• Work task: Your copy should begin with the line containing "Two girls, red", end with the line containing "Elegant Black Framed", match the listing below exactly, and contain no pictures.

*-*-*

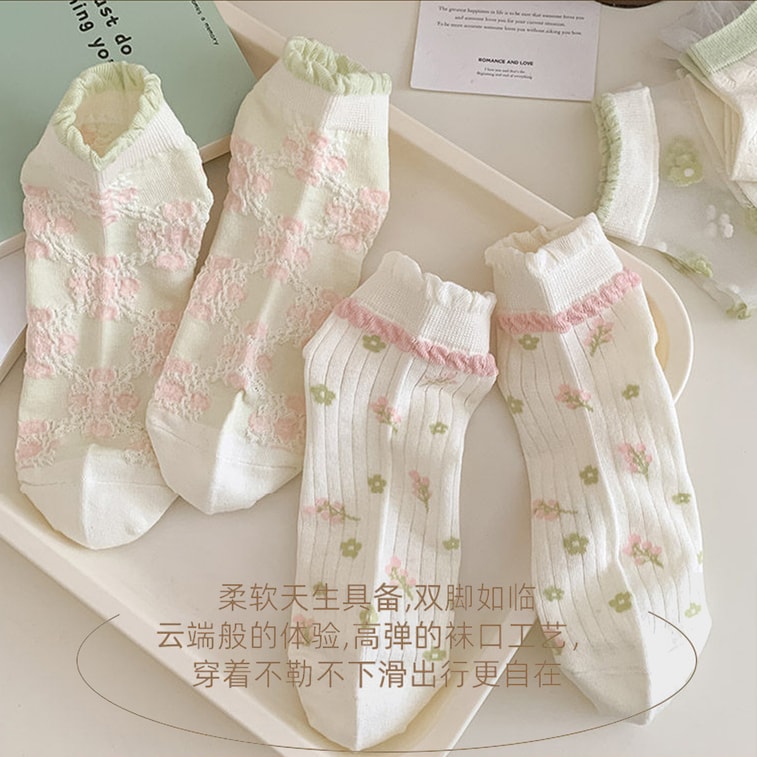 Sheer Mesh Boat Socks Fresh Floral Lightweight Breathable Short Cotton Socks For Women 5 Pairs Set F 1 Set 7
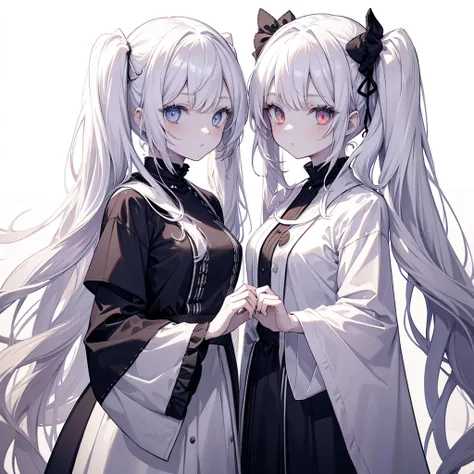 Two girls, red eyes and beige hair, blue eyes and white hair, twin tails, long hair, monochrome gothic fashion, white background, water and fire magic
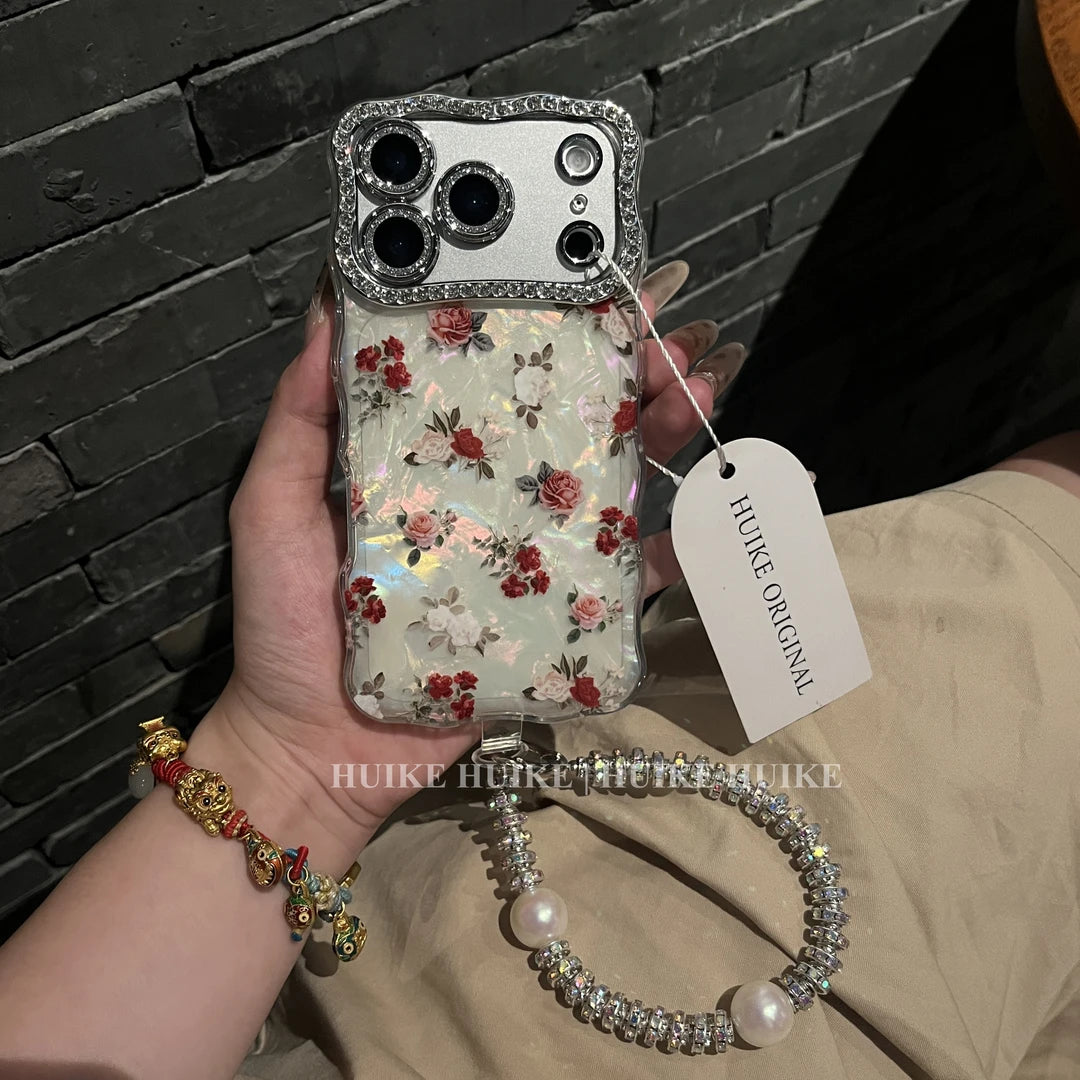 RED ROSES Pearly Transparent Phone Case with Phone Charm Strap,Compatible for iphone 17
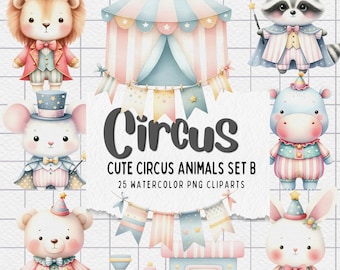 Circus Watercolor Clipart PNG Set B - Adorable Animals and Cheerful Elements for Party Invitations and Decor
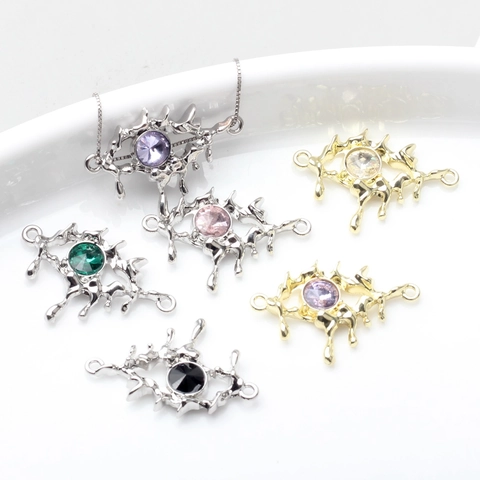 Gothic Liquid Metal Eye Pendant Zinc Alloy Rhinestone Hollow Connector For DIY Jewelry Making Necklace Bracelet Accessory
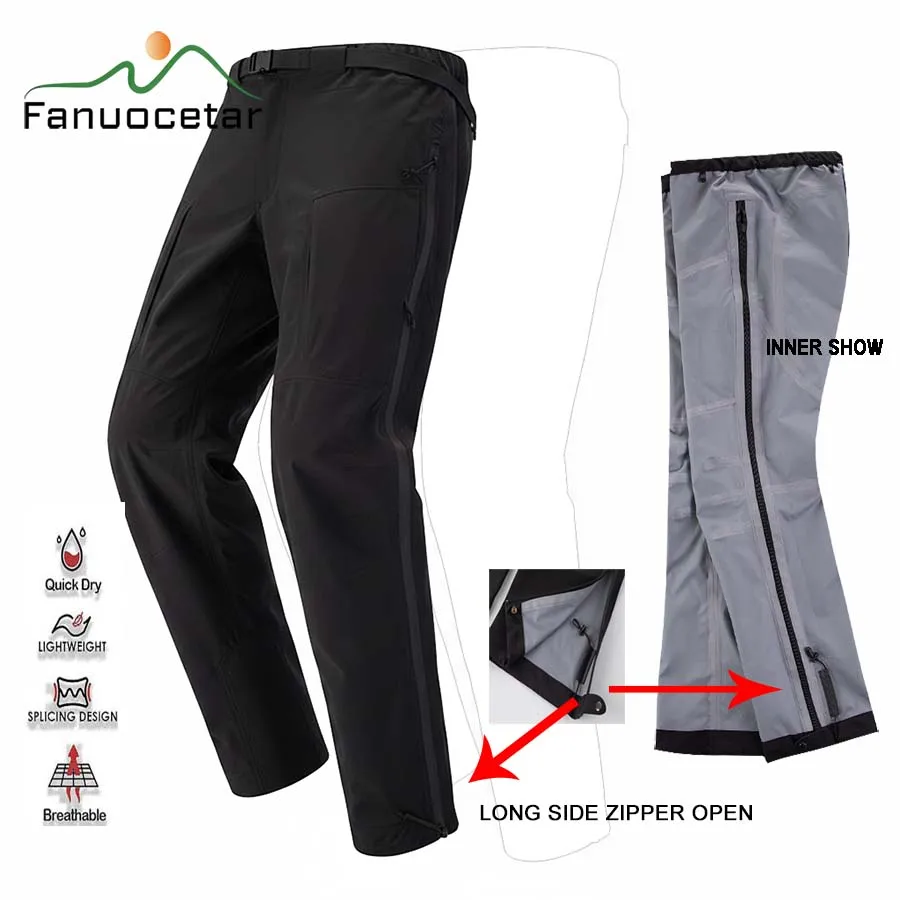 

Водонепроницаемые брюки для походов весна-лето, мужские, с боковой молнией, из ткани HardShell, свободного кроя, быстросохнущие, для активного отдыха, альпинизма, треккинга, кемпинга, дождевые штаны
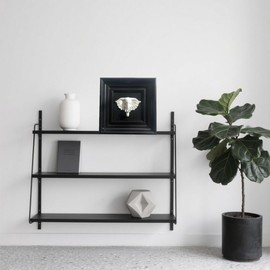 Elegant Black Framed Elephant Head Wall Art — 3D White Plaster Sculpture in Classic Matte Black Frame, Small Decorative Accent for Living Room, Office, Shelf & Entryway (8.7" x 8.7")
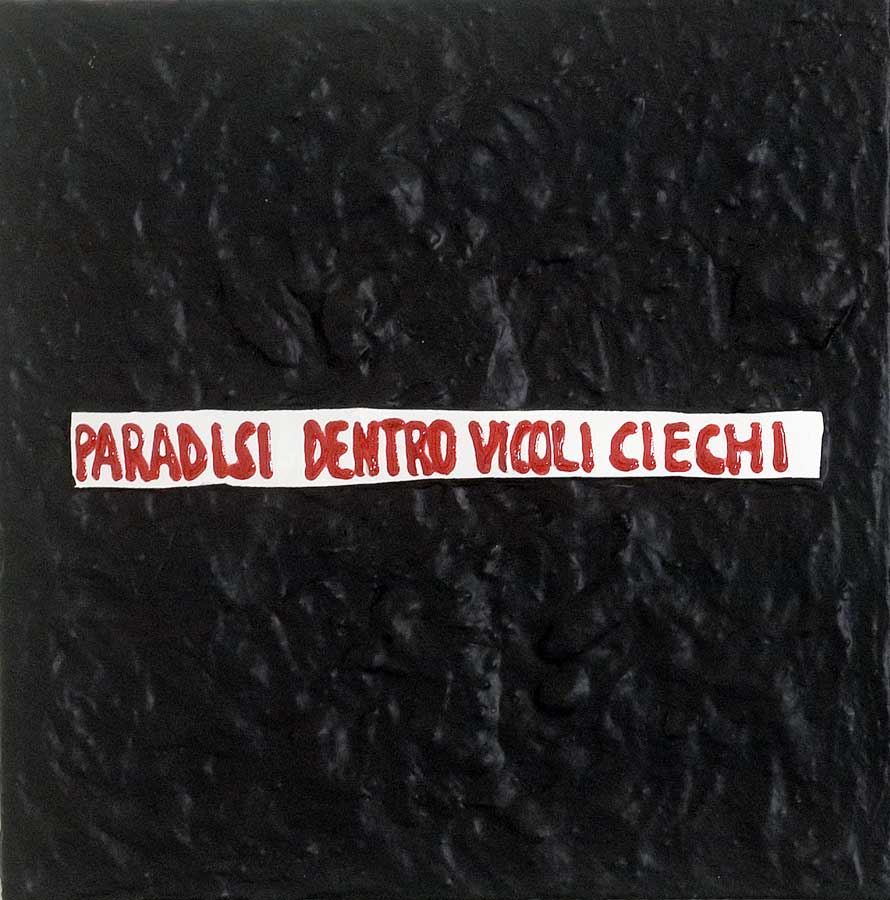 Poesie nere in 5, painting by Nicola Guerraz, acrylic and vulcanized rubber on canvas, 160 x 160 cm, 2008, photo 03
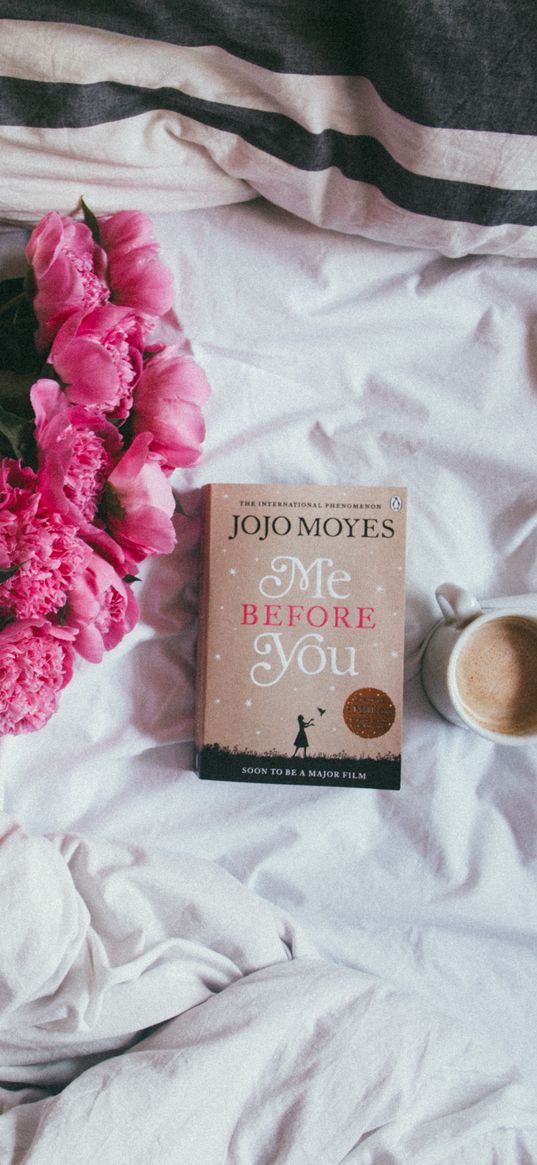 book, flowers, coffee, bed, mood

*-*-*

• Answer section:
 Two girls, red eyes and beige hair, blue eyes and white hair, twin tails, long hair, monochrome gothic fashion, white background, water and fire magic
 RED ROSES Pearly Transparent Phone Case with Phone Charm Strap,Compatible for iphone 17
 Circus Watercolor Clipart PNG Set B - Adorable Animals and Cheerful Elements for Party Invitations and Decor
 Gothic Liquid Metal Eye Pendant Zinc Alloy Rhinestone Hollow Connector For DIY Jewelry Making Necklace Bracelet Accessory

Водонепроницаемые брюки для походов весна-лето, мужские, с боковой молнией, из ткани HardShell, свободного кроя, быстросохнущие, для активного отдыха, альпинизма, треккинга, кемпинга, дождевые штаны
 Elegant Black Framed Elephant Head Wall Art — 3D White Plaster Sculpture in Classic Matte Black Frame, Small Decorative Accent for Living Room, Office, Shelf & Entryway (8.7" x 8.7")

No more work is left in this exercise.